Depois foi conferido este posto ao Conde de Lippe, por decreto de 03-VII-1762, em atenção às suas eminentes qualidades, merecimentos e experiência militar revelados durante a sua carreira de Oficial, ficando também encarregado do governo das Armas de todas as tropas de Inf., Cav., Dragões, Art. e Eng. e director de todas elas. Em 29-IV-1809 são conferidas a graduação e honra de Marechal-General ao Duque de Wellington. William Carr Beresford também foi promovido a Marechal General do Exército Português, em 17-12-1815.

Passam-se bastantes anos sem que qualquer outro Oficial seja distinguido com esta categoria militar; mas, por dec. de 6-10-1832, D. Miguel elevou o Duque do Cadaval, D. Nuno Caetano Álvares Pereira de Melo, à dignidade de Marechal General do seu Exército e por dec. de 14-7-1833, conferiu o mesmo Monarca igual dignidade ao Conde de Bourmont, Luis Augusto Vitor.
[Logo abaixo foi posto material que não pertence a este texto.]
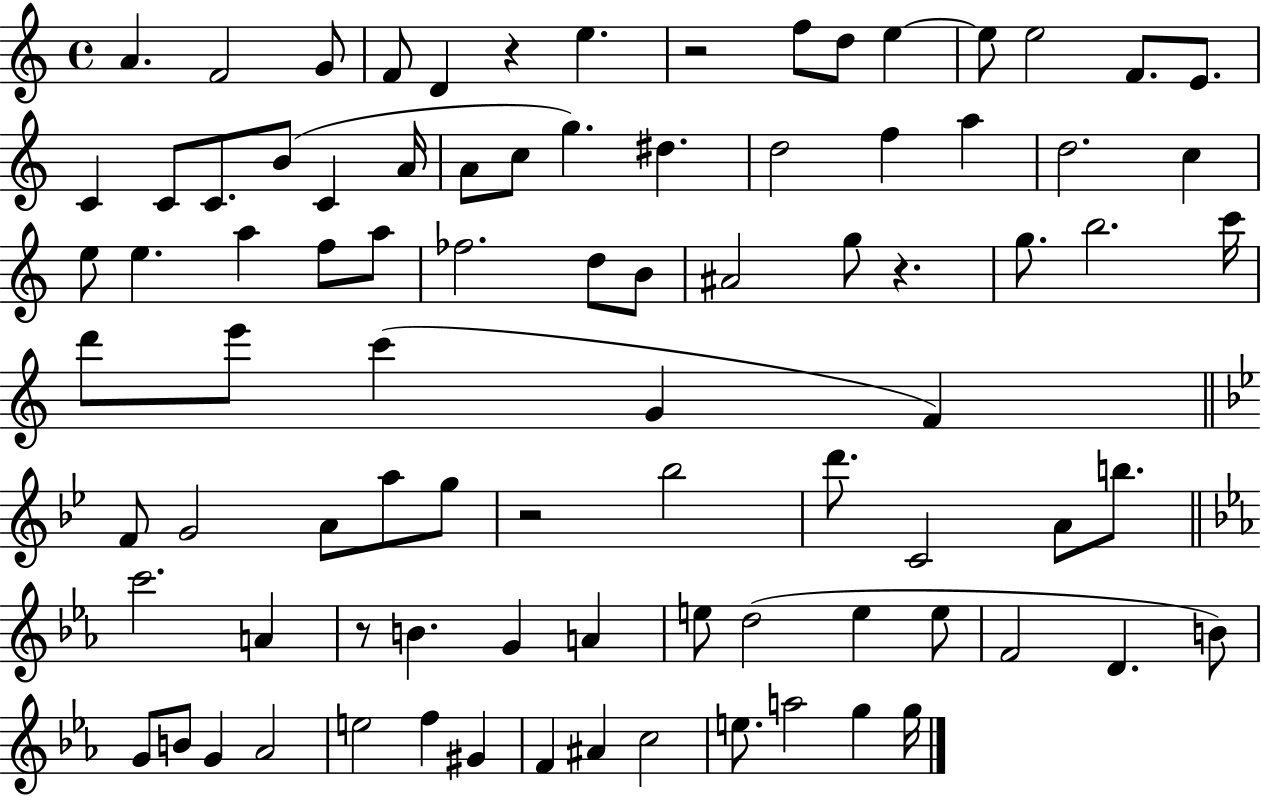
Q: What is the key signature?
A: C major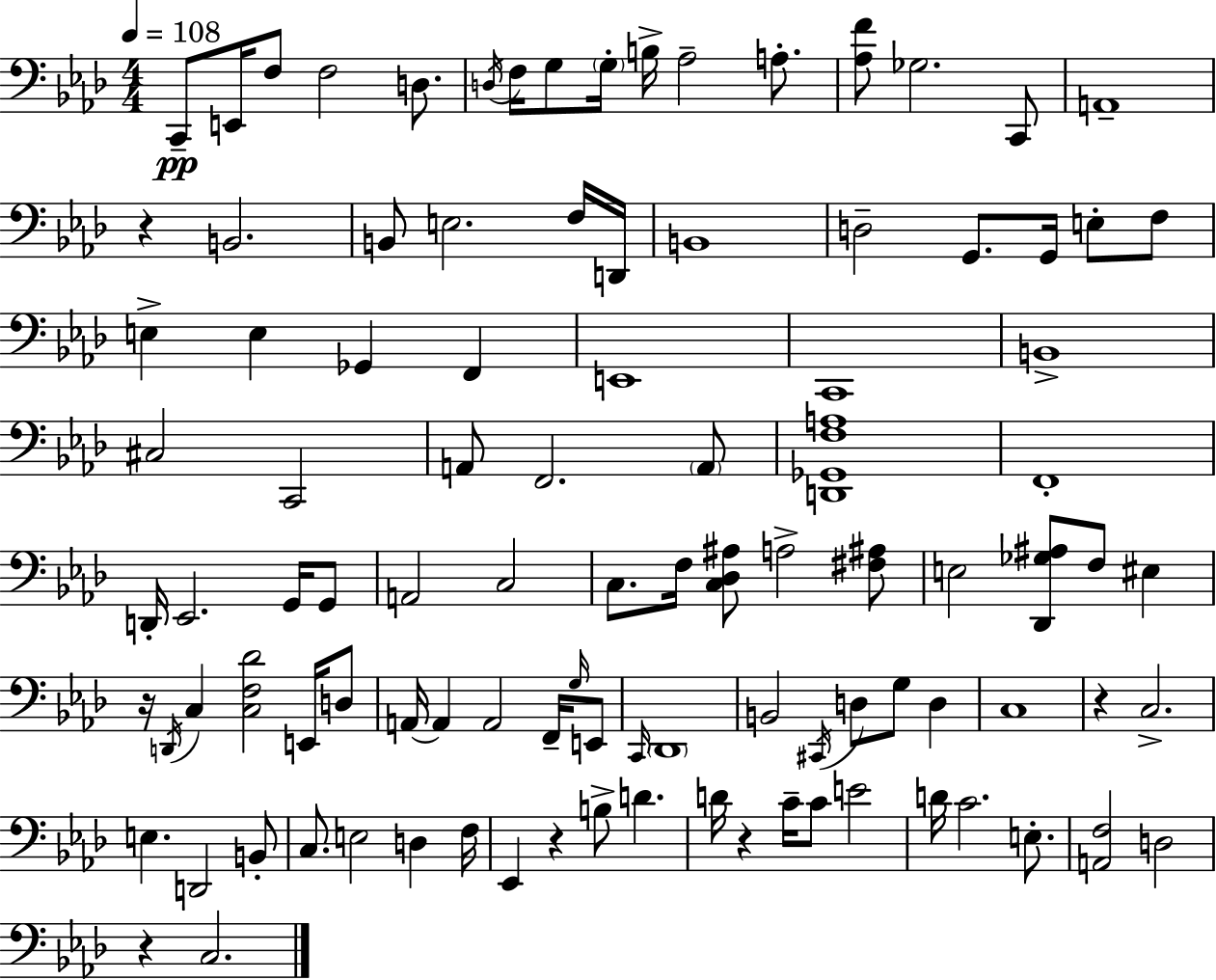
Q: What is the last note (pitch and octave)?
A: C3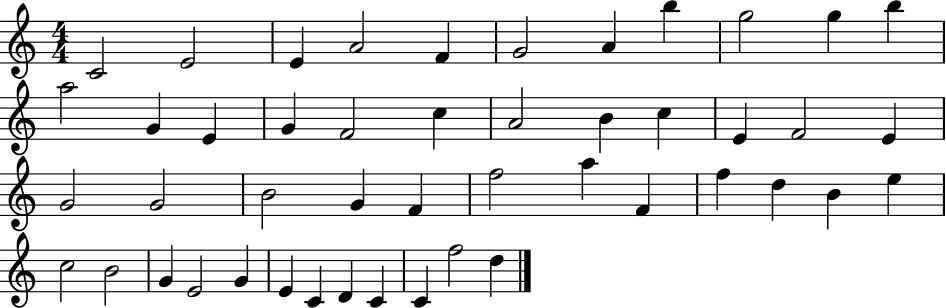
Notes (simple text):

C4/h E4/h E4/q A4/h F4/q G4/h A4/q B5/q G5/h G5/q B5/q A5/h G4/q E4/q G4/q F4/h C5/q A4/h B4/q C5/q E4/q F4/h E4/q G4/h G4/h B4/h G4/q F4/q F5/h A5/q F4/q F5/q D5/q B4/q E5/q C5/h B4/h G4/q E4/h G4/q E4/q C4/q D4/q C4/q C4/q F5/h D5/q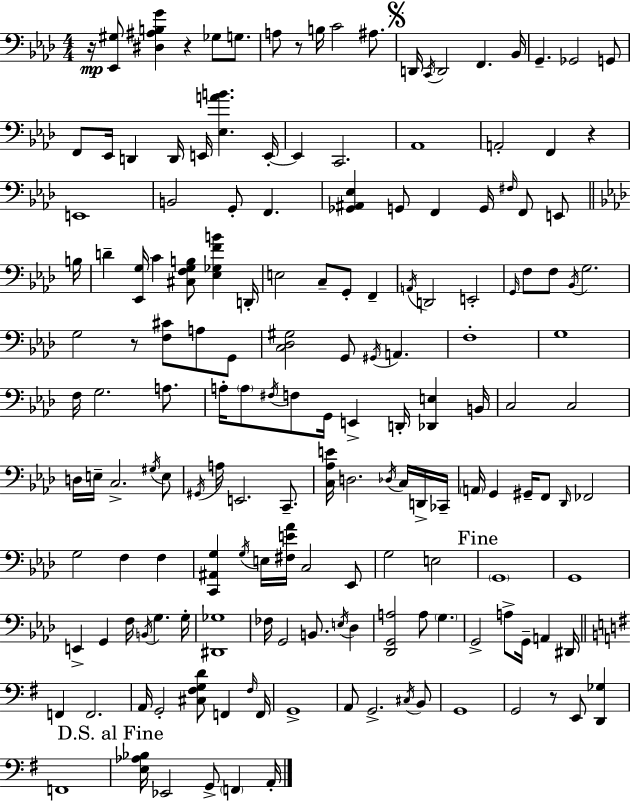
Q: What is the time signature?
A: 4/4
Foi a primeira vez que existiram dois Oficiais com esta patente.

A Organização Militar de 1834 não se refere a este posto, no entanto logo em Dezembro desse ano, D. Maria II promoveu o seu , o Príncipe Augusto, a Marechal-General (Ordem do Dia n.º 3 de 1835).

D. Carlos I foi nomeado Marechal General em 19-X-1889, data da sua subida ao Poder. Por fim, foi D. Manuel II elevado àquela alta dignidade, em 01-II-1908.

Com a proclamação da República, em 1910, extinguiu-se o posto de Marechal General.

MARECHAL MAJOR-GENERAL -Em 1833, D. Pedro Regente em nome da Rainha D. Maria II, nomeou seu imediato no comando, com a designação acima, o Barão João Baptista de Solignac. Foi exonerado em 13 de Julho seguinte e substituído pelo Marechal Saldanha, com a designação de Chefe do Estado-Maior Imperial.

MARECHAL DOS REAIS EXÉRCITOS - Nos termos do decreto de 5 de Abril de 1762 era dada esta designação aos Generais que recebiam a patente de Governadores das Armas das Províncias.

MARECHAL DO REINO - Posto criado em 1643, por D. João IV, o qual nomeou para ele D. Fernando de Mascarenhas, Conde de Serém. Em 1650, 2.º Conde de Serém D. Jorge de Mascarenhas, filho do antecedente, também foi nomeado Marechal do Reino.

Supõe-se que foi este posto o antecessor do de Marechal General e não de Mestre de Campo General, como já alguém escreveu.

MESTRE DE CAMPO- (Coronel) Comandava um Terço, segundo as Ordenanças de D. Sebastião.

D. João IV manteve este posto militar mas D. João V, transformando os Terços pagos em Regimentos activos, pelas reformas militares de 1707-1708, determinou que os Comandantes dos Regimentos se denominassem Coronéis, ficando assim abolida a denominação de Mestre de Campo.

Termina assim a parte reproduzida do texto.